アナーキーシャツを制作していて、ずっと気になっていたことがある。
それは、スローガンパッチに使われる「A Bas de coca cola」と「A Bas le coca cola」という二つのバリエーションだ。

「A Bas de coca cola」を直訳すると、「コカ・コーラの靴下」や「コカ・コーラの底」といった意味になる。
一方で「A Bas le coca cola」なら、「打倒!コカ・コーラ」となる。
どちらも実際に存在するのだが、書籍『イングランズ・ドリーミング』では「打倒!コカ・コーラ」と解説されている。
つまり、当初は「A Bas le coca cola」が正しかったのだろう。

ではなぜ「A Bas de coca cola」が存在するのか。
ボクはこう考えている。アナーキーシャツの制作数が増え、スローガンパッチを書く人も複数になったとき、フランス語に不慣れな者が「Bas le」を「Bas de」と誤記してしまったのではないか、と。

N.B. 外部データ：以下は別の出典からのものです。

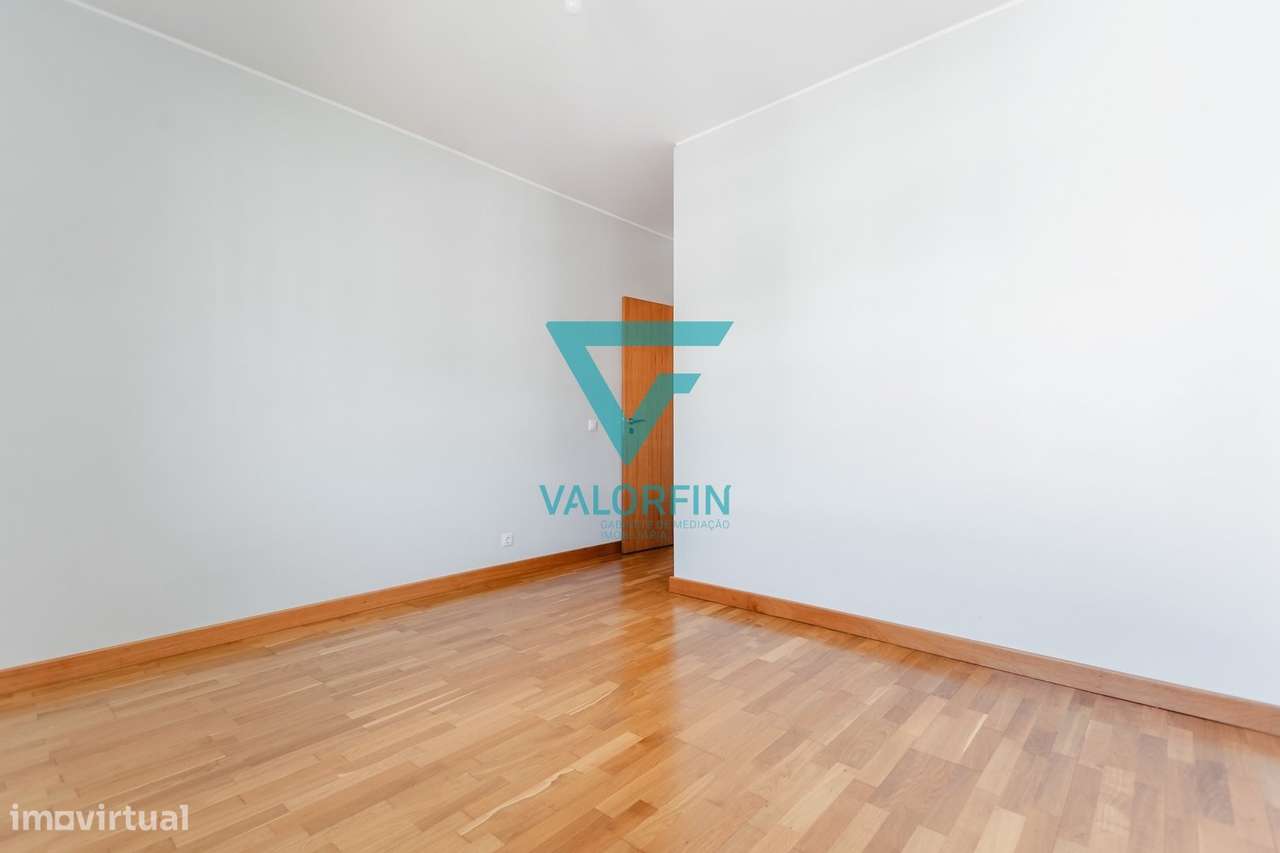 APARTAMENTO T3 com vista para o Mosteiro da Batalha-15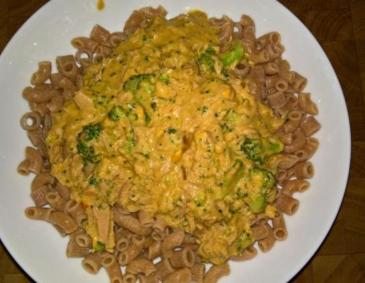 Nudeln mit Thunfischsauce Nudeln mit Thunfischsauce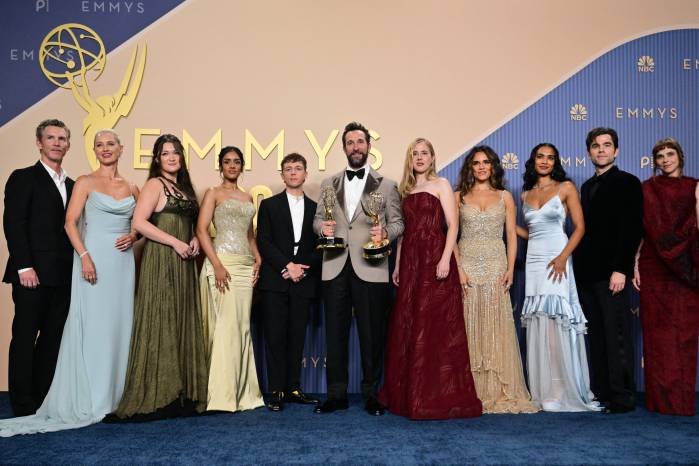 Elenco de la serie.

「A Bas le coca cola !」が持つ強い政治性

フランス語の文法や、1968年の五月革命スローガンの文脈から考えれば、「A Bas le coca cola !」の方が筋が通る。
「打倒!」という直接的で戦闘的なメッセージは、初期のヴィヴィアンやマルコムが求めていたラディカルな主張と完全に一致する。アナーキーシャツの思想的背景には、この明確な呼びかけがしっくりくる。



「A Bas de coca cola」の誤字とその広がり

一方で、「A Bas de coca cola」は文法的に不条理だが、その不条理さ自体がパンク的だとも言える。
「コカ・コーラの靴下」という意味不明な響きは、結果的にシチュエーショニスト的な風刺や不合理性を帯びることになった。
つまり、ヒューマンエラーで生じた誤字が、逆説的に「常識破壊」というパンクの精神に沿ってしまった、興味深い事例なのではないだろうか。




t.n.A.f.t.としての選択


ボク自身は「A Bas de coca cola」も「A Bas le coca cola」も制作してきたが、最近は「Bas de」の方を多く作っている。
なぜなら、誤字も含めて「オリジナルの歴史」を再現することが、t.n.A.f.t.の立場だからだ。
そこには、誤字も含めて当時のリアリティを大切にする姿勢がある。

アナーキーシャツは、思想(打倒!)と偶然(誤字)の両方を内包した、非常に複雑な歴史の産物。
そしてその不完全さをこそ、ボクは愛おしいと思うのだ。